The Epilogue to Dreams from My Father contains a scene where, just before he leaves Kenya, Obama visits a wise old woman Kenyan historian who had known his father. So, here is the Big Lesson of Obama's Kenyan sojourn, which takes up pp. 299-437:
I asked her why she thought black Americans were prone to disappointment when they visited Africa. She shook her head and smiled. ”Because they come here looking for the authentic,” she said. ”That is bound to disappoint a person. Look at this meal we are eating. Many people will tell you that the Luo are a fish-eating people. But that was not true for all Luo. Only those who lived by the lake. And even for those Luo, it was not always true. Before they settled around the lake, they were pastoralists, like the Masai. Now, if you and your sister behave yourself and eat a proper share of this food, I will offer you tea. Kenyans are very boastful about the quality of their tea, you notice. But of course we got this habit from the English. Our ancestors did not drink such a thing. Then there’s the spices we used to cook this fish. They originally came from India, or Indonesia. So even in this simple meal, you will find it very difficult to be authentic-although the meal is certainly African.” ...
I licked my fingers and washed my hands. ”But isn’t there anything left that is truly African?”
”Ah, that’s the thing, isn’t it?” Rukia said. ”There does seem to be something different about this place. I don’t know what it is. Perhaps the African, having traveled so far so fast, has a unique perspective on time. Or maybe it is that we have known more suffering than most. Maybe it’s just the land. I don’t know. ...My daughter, ... her first language is not Luo. Not even Swahili. It is English. When I listen to her talk with her friends, it sounds like gibberish to me. They take bits and pieces of everything-English, Swahili, German, Luo. Sometimes, I get fed up with this. Learn to speak one language properly, I tell them.” Rukia laughed to herself. ”But I am beginning to resign myself-there’s nothing really to do. They live in a mixed-up world. It’s just as well, I suppose. In the end, I’m less interested in a daughter who’s authentically African than one who is authentically herself.” [pp. 433-434]
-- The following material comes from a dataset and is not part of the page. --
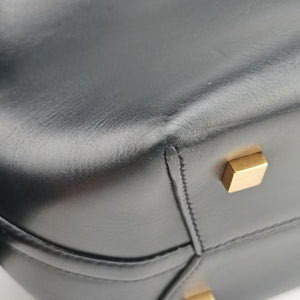 Vintage Yves Saint Laurent LE 37 bucket Black Leather 749036 shoulderbag | stylenewstar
Obviously, the main reason "black Americans were prone to disappointment when they visited Africa" is not because Africa isn't "authentic." That's just laughable.
Granted, it's too much to expect Obama to admit that the main reason African-American tourists are prone to disappointment with Africa is because it's disappointing. They go hoping to see what the black man can accomplish without the white man around holding him down, and, well ...
Yet, why did Obama feel compelled to bring this question up and feature Rukia's nonsensical answer so prominently as the Climactic Insight of His Life?
Because her answer, ridiculous as it is, at least validates the central concern of Obama's existence: to prove he's black enough. If even Africans in Africa aren't authentic, as this learned African scholar says, then his being half-white and brought up in a wholly non-black environment doesn't disqualify him from being black enough.